:: TASK TO COMPLETE ::
When you reach the line containing "tree leaf branch woody plant plant tree", begin reproducing the material exactly, stop after the line containing "Los eldenses cumplen", and leave out any pictures along the way.

#### GIVEN DATA

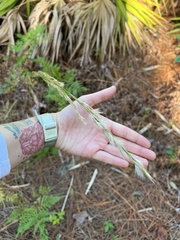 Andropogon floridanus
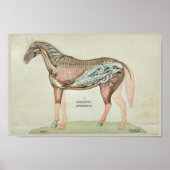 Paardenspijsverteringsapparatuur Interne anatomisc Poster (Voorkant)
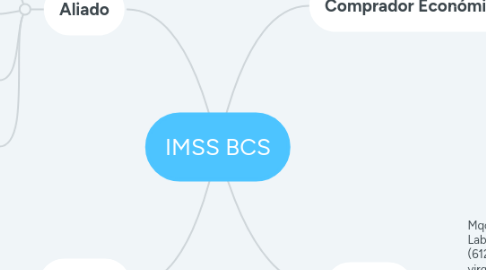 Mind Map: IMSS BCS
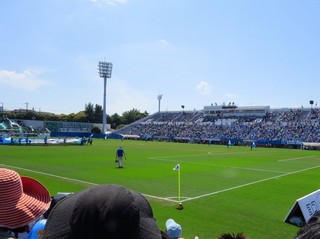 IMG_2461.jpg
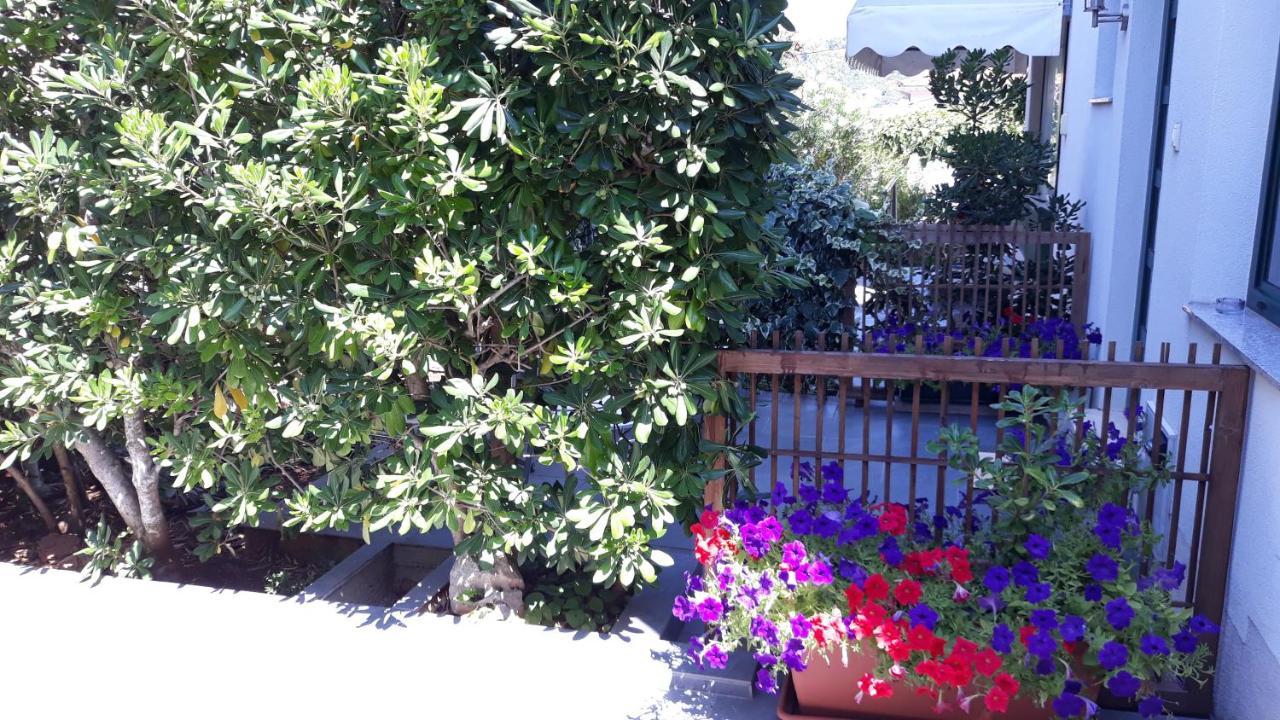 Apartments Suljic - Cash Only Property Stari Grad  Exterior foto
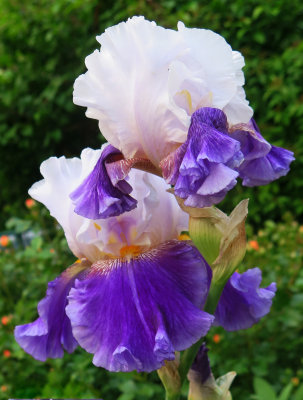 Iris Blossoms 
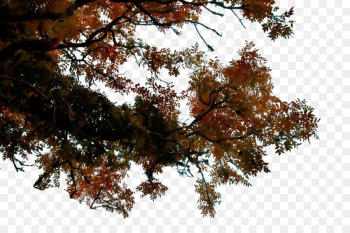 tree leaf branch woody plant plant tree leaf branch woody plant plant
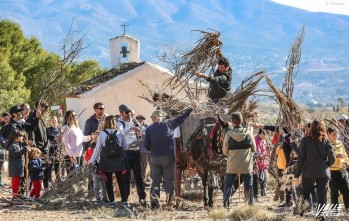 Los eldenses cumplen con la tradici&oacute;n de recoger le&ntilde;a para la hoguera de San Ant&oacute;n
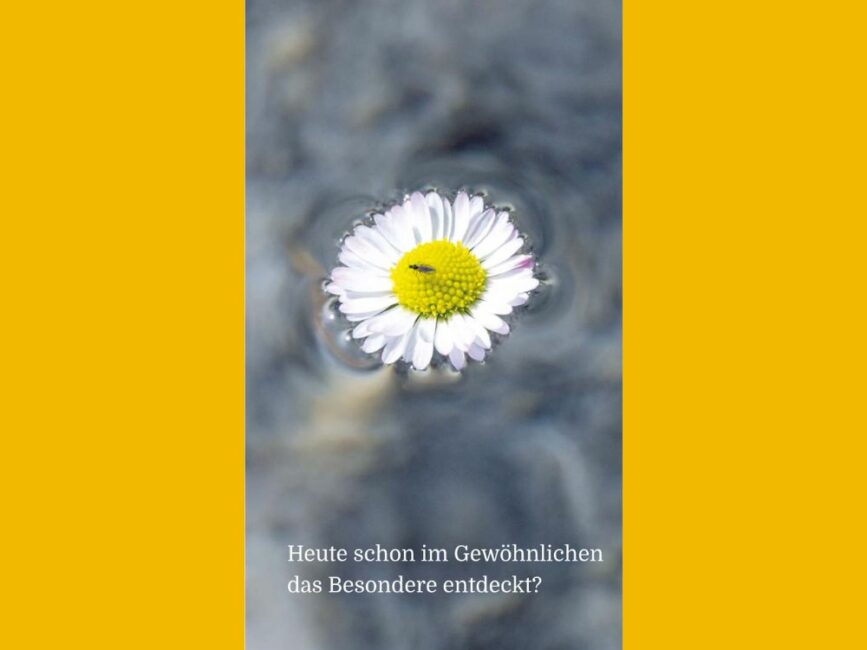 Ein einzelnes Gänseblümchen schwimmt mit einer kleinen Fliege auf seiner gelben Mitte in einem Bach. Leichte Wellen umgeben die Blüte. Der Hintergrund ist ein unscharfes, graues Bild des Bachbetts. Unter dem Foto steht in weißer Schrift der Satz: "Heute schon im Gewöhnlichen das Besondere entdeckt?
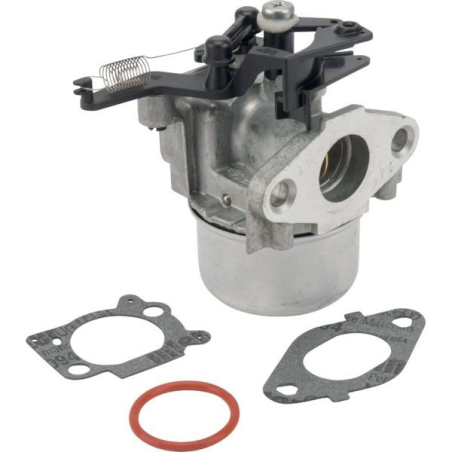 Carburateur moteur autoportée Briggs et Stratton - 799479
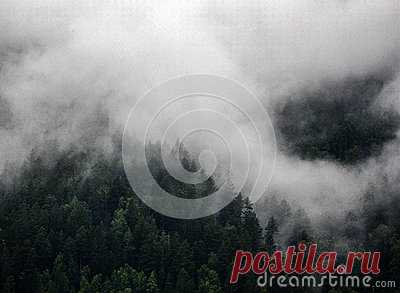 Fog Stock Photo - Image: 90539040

########
#### GIVEN DATA

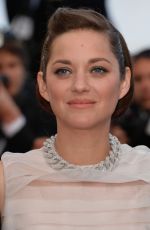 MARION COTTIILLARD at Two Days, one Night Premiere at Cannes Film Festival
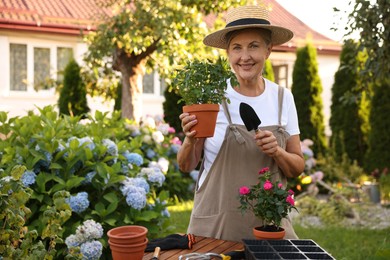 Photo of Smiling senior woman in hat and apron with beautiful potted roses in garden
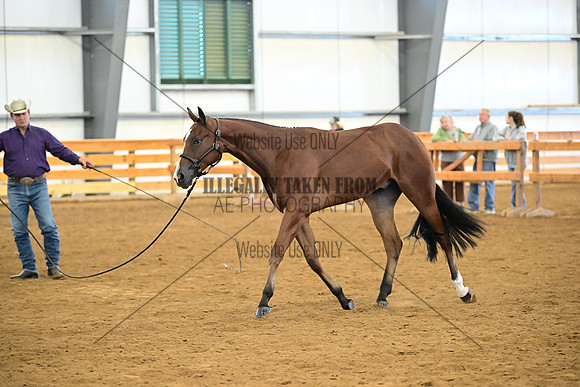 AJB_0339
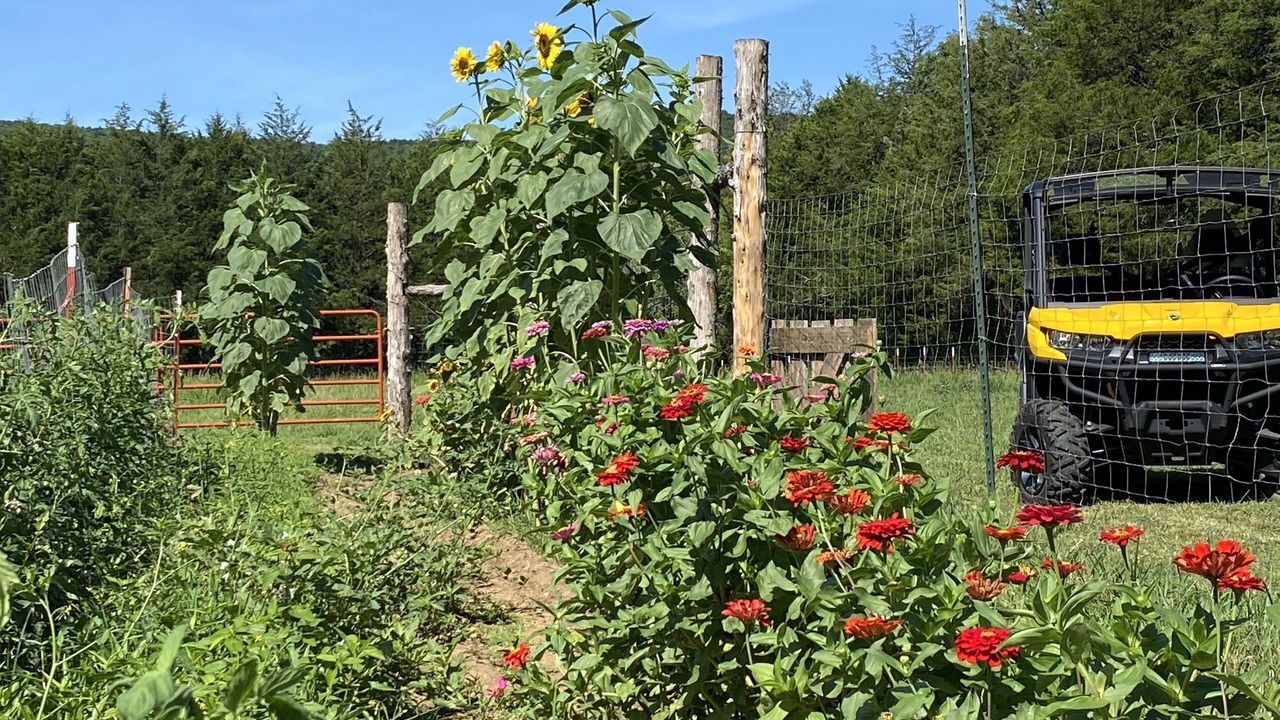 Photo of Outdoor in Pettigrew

########

:: OUTPUT FOR THIS TASK ::
 tree leaf branch woody plant plant tree leaf branch woody plant plant
 Los eldenses cumplen con la tradici&oacute;n de recoger le&ntilde;a para la hoguera de San Ant&oacute;n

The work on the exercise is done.